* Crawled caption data
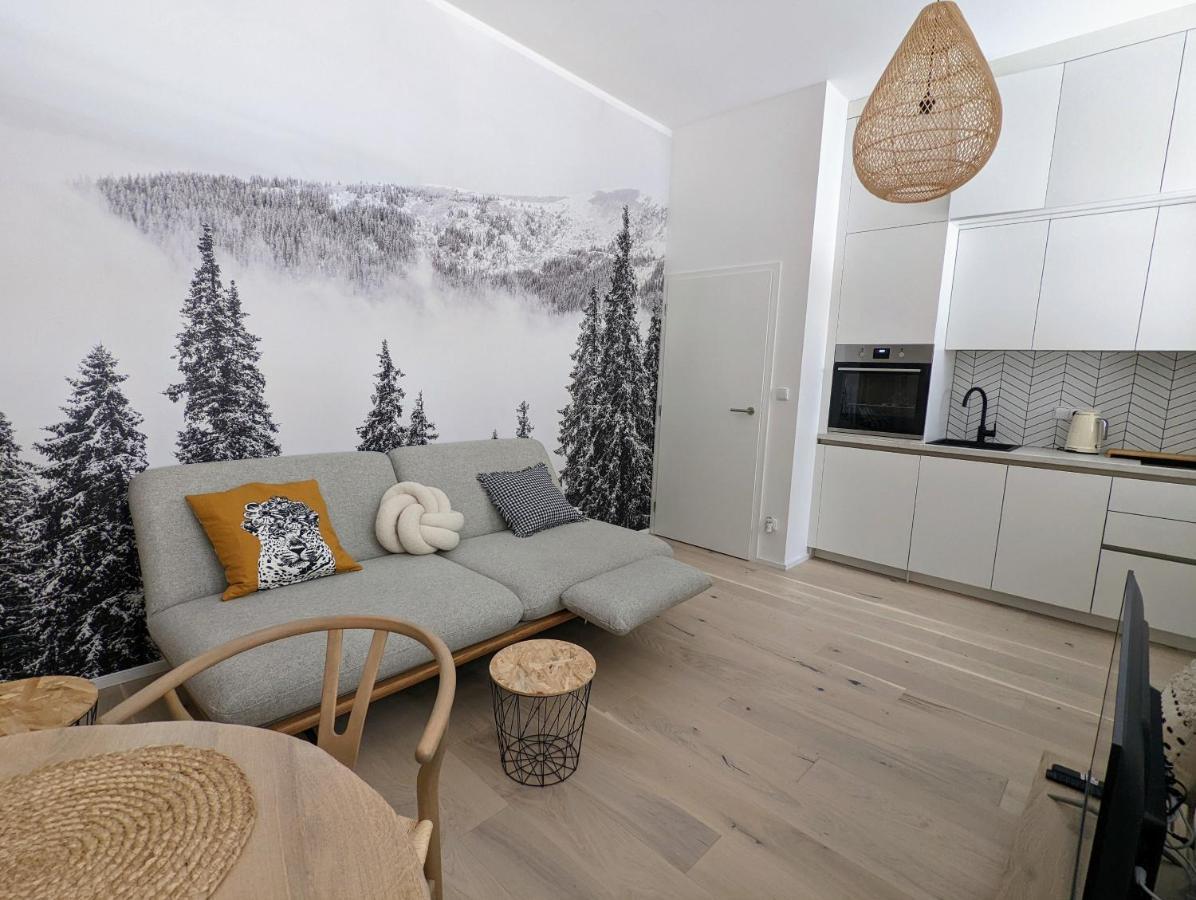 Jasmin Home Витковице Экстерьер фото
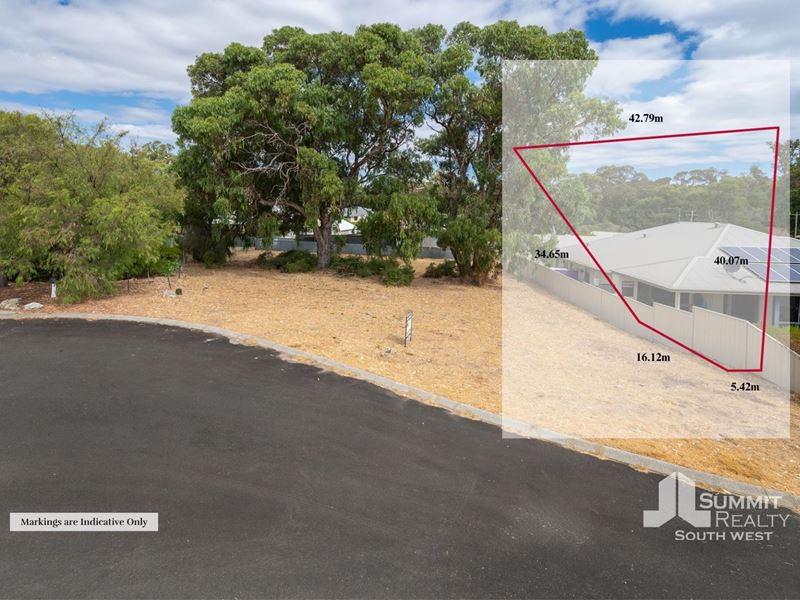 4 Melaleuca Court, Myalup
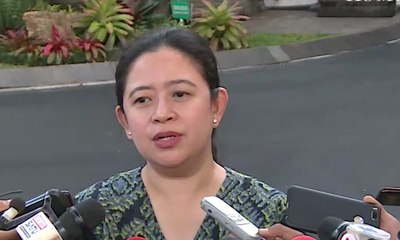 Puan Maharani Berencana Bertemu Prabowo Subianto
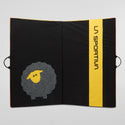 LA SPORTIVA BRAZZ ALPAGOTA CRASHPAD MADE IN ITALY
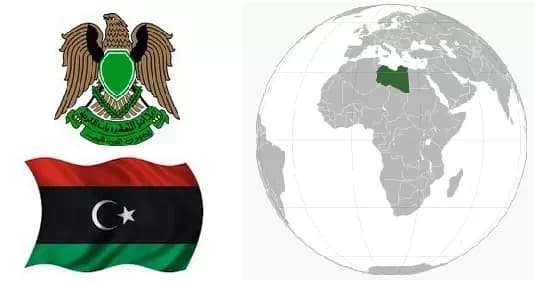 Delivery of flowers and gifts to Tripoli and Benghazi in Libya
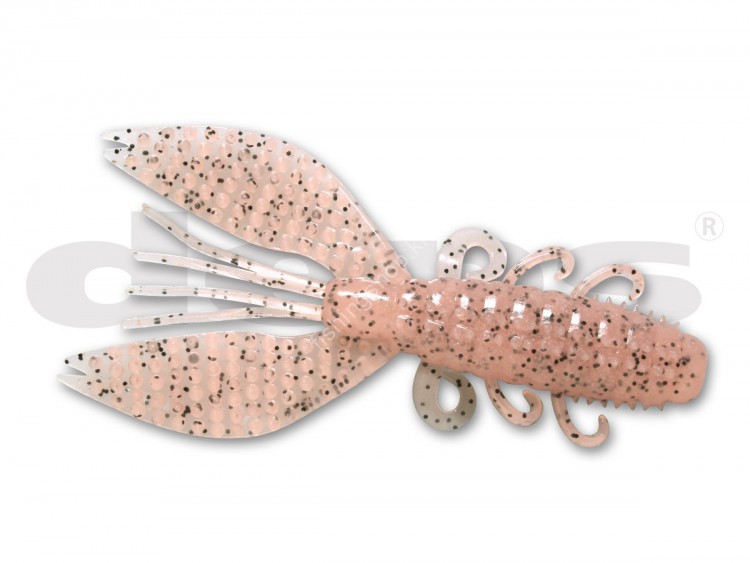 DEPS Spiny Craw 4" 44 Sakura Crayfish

* To do
Every record must be copied exactly, with images dropped from the result.

* Answer space
 Jasmin Home Витковице Экстерьер фото
 4 Melaleuca Court, Myalup
 Puan Maharani Berencana Bertemu Prabowo Subianto
 LA SPORTIVA BRAZZ ALPAGOTA CRASHPAD MADE IN ITALY
 Delivery of flowers and gifts to Tripoli and Benghazi in Libya
 DEPS Spiny Craw 4" 44 Sakura Crayfish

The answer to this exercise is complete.